VLA Head 需要实现两个核心方法：

方法	场景	输入	输出
`forward(...)`	训练	特征 + 状态 + 目标动作	`{'pred_actions': Tensor, 'loss': Tensor}`
`predict_action(...)`	推理	特征 + 状态	`Tensor` (预测的动作序列)

forward() 输入参数：

参数	类型	说明
`input_features`	`torch.Tensor`	VLM 输出特征, shape=(B, seq_len, embed_dim)
`states`	`torch.Tensor`	机器人状态, shape=(B, state_dim)
`attention_mask`	`torch.Tensor`	注意力掩码, shape=(B, seq_len)
`actions`	`torch.Tensor`	目标动作, shape=(B, traj_length, action_dim)
`action_masks`	`torch.Tensor`	动作掩码, shape=(B, traj_length)

forward() 返回值：必须返回一个包含 'loss' 键的字典，例如 {'pred_actions': Tensor, 'loss': Tensor}。

predict_action() 返回值：返回预测的动作张量, shape=(B, traj_length, action_dim)。

第三步：注册并导入#

在 fluxvla/models/heads/__init__.py 中添加导入：

from .flow_matching_head import FlowMatchingHead  # noqa: F401, F403
from .flow_matching_inference_head import FlowMatchingInferenceHead  # noqa: F401, F403
from .llava_action_head import LlavaActionHead  # noqa: F401, F403
from .my_action_head import MyActionHead  # noqa: F401, F403   ← 新增
from .openvla_head import OpenVLAHead  # noqa: F401, F403

第四步：在配置文件中使用#

只需修改 model.vla_head 字典中的 type 和对应参数：

model = dict(
    type='LlavaVLA',                    # VLA 不变
    vlm_backbone=dict(...),             # backbone 不变
    vla_head=dict(
        type='MyActionHead',            # ← 换成你的 Head
        hidden_size=1024,
        state_dim=64,
        action_dim=32,
        input_embedding_dim=1536,
        traj_length=10,
        ori_action_dim=14),
    ...)

核心检查清单#

添加新的 VLA Head 后，请按以下清单逐项确认：

Head 文件已创建在 fluxvla/models/heads/ 目录下
使用了 @HEADS.register_module() 装饰器注册
在 fluxvla/models/heads/__init__.py 中添加了 import 语句
实现了 forward() 方法，返回包含 'loss' 键的字典
实现了 predict_action() 方法，返回动作张量
配置文件中的 type 与注册类名完全一致
配置文件中的参数名与 __init__ 方法的参数名一致

常见问题#

Q：添加新 Head 后模型配置需要改什么？
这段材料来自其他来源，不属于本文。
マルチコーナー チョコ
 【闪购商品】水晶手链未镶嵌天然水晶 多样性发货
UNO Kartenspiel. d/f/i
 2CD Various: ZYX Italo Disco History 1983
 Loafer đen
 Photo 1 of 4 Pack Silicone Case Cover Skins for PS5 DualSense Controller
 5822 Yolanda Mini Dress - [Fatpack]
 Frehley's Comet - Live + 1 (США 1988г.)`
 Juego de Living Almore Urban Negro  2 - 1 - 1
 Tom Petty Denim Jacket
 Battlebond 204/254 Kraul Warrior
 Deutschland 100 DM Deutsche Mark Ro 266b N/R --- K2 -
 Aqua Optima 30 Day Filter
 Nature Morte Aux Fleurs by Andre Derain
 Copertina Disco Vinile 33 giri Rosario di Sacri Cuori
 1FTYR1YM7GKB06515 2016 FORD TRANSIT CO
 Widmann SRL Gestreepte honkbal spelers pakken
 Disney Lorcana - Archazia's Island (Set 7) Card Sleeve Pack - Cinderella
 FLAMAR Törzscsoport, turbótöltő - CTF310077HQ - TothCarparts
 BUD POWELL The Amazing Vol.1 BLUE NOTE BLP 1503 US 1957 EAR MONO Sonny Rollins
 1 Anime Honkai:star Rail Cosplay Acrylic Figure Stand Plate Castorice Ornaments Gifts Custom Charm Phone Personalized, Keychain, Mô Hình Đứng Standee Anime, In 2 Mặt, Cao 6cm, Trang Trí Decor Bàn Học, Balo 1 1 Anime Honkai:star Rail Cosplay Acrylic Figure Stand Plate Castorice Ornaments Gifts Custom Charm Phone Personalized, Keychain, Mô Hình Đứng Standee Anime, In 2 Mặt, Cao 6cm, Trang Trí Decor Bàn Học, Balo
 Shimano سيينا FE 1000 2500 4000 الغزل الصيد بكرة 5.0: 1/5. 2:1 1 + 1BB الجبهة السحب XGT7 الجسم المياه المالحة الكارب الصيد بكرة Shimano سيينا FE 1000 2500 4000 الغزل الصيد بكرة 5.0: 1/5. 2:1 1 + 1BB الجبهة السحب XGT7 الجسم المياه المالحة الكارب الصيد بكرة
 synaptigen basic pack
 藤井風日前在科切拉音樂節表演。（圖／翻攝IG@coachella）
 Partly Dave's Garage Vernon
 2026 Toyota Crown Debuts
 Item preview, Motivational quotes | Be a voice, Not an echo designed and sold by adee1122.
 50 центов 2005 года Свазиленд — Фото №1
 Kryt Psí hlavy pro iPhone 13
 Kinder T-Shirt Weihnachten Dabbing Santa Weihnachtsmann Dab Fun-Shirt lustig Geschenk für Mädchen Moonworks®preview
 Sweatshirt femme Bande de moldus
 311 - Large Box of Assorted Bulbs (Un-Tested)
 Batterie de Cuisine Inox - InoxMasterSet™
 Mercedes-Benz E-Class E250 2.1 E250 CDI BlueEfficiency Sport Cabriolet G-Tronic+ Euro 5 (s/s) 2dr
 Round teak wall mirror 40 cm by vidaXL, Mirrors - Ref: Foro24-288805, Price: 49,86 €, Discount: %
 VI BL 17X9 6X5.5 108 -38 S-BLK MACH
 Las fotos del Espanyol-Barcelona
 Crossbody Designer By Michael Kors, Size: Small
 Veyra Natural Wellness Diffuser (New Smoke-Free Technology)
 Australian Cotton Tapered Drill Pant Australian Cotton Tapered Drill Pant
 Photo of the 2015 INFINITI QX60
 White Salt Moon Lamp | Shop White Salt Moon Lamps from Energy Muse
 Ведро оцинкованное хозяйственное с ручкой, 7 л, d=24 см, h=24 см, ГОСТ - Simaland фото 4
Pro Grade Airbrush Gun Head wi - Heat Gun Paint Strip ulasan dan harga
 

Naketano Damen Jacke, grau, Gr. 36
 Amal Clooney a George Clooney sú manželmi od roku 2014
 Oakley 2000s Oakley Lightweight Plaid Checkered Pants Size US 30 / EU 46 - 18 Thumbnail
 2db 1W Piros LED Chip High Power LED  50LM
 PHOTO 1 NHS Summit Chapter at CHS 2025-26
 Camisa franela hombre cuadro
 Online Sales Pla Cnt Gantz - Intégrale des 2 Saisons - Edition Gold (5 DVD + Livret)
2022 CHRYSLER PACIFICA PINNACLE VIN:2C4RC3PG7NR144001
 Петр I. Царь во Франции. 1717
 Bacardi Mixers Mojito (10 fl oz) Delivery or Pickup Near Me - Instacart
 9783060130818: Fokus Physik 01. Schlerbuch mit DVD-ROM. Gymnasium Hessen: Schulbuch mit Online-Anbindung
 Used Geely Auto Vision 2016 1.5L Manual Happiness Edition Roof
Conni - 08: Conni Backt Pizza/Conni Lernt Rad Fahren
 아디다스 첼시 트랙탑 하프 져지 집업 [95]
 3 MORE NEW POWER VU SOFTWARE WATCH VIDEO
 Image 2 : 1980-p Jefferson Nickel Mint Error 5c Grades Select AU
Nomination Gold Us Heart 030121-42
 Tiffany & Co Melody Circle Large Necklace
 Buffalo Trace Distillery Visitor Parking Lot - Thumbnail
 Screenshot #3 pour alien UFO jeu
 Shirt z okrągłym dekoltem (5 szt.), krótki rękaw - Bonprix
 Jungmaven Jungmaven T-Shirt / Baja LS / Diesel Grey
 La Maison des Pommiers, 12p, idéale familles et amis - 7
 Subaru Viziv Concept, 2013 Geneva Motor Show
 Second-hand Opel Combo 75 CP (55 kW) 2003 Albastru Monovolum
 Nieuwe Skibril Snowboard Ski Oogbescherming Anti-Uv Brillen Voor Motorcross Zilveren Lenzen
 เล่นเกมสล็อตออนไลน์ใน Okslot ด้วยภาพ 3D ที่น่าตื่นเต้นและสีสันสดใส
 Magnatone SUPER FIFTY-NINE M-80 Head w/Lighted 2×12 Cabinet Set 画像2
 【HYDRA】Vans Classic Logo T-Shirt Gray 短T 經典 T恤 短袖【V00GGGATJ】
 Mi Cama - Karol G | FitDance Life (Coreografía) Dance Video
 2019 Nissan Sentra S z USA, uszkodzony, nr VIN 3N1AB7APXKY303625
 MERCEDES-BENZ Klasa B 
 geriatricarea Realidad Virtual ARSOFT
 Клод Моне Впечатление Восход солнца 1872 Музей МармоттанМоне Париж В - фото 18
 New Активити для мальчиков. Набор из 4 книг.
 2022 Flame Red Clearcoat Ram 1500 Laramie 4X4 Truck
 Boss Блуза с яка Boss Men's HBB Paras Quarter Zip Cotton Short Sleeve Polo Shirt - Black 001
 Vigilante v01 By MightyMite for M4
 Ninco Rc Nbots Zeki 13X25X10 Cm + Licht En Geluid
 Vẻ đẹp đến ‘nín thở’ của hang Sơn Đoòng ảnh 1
#

只需要修改 model.vla_head 字典中的 type 和对应参数，VLA 模型和 Backbone 不需要改动。

Q：`inference_model` 是什么？#

inference_model 是可选的推理专用模型配置。当推理时需要不同的模型设置（例如使用 FlowMatchingInferenceHead 替代 FlowMatchingHead 以启用 CUDA Graph 加速）时使用：

model = dict(type='LlavaVLA', vla_head=dict(type='FlowMatchingHead', ...), ...)
inference_model = dict(type='LlavaVLA', vla_head=dict(type='FlowMatchingInferenceHead', ...), ...)

如果未定义 inference_model，推理时默认使用 model 的配置。

Q：如何确保我的 Head 与 FSDP 训练兼容？#

如果你的 Head 包含大量参数，需要实现 get_fsdp_wrapping_policy() 方法，指定哪些子模块应被 FSDP 单独分片：

def get_fsdp_wrapping_policy(self):
    from functools import partial
    from torch.distributed.fsdp.wrap import transformer_auto_wrap_policy
    return partial(
        transformer_auto_wrap_policy,
        transformer_layer_cls={MyTransformerBlock})

如果 Head 参数量较小，返回 None 即可。